We have warned of a downturn in the markets for most of the summer, and with the Chinese currency devaluation catching most by surprise, a good-sized sell-off could still be in the offing, even if Thursday brings a respite. The good news is that bear markets usually begin when the economy dives into recession. Although it is tepid, the U.S. economy is chugging along.

One area that remains very cheap on a price-to-earnings basis is the financials, and in a new research report Oppenheimer upgrades the sector to Overweight. While bond yields have rolled back over from the Chinese devaluation and global macro fall-out, the Federal Reserve could be poised to raise rates in September, and that will start them on their way higher again.

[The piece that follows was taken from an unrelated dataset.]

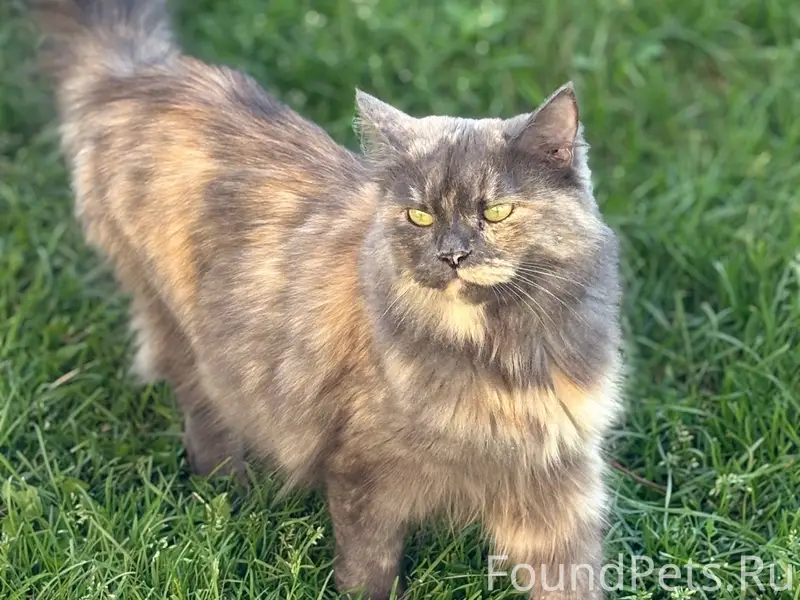 Пропала кошка, район Профсоюзная, Кутасова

Other firms also see the value in the bank stocks, and recently the analyst at Barclays was positive on earnings and other key metrics.

We screened the large cap financials in the S&P 500 and found four top companies trading under 12 times forward earnings. In a jittery market they make good sense now.

Bank of America

This stock seems to have been in the penalty box the longest and may offer investors a good entry point, trading at a low 11.7 times forward earnings. Bank of America Corp. (NYSE: BAC) reported solid second-quarter earnings that were driven by lower expenses and absence of substantial legal costs, which had strangled the bank for years. Some analysts think $2 per share earnings is not out of the question for the money center giant next year. Total 2015 earnings estimates are expected up 284% from last year.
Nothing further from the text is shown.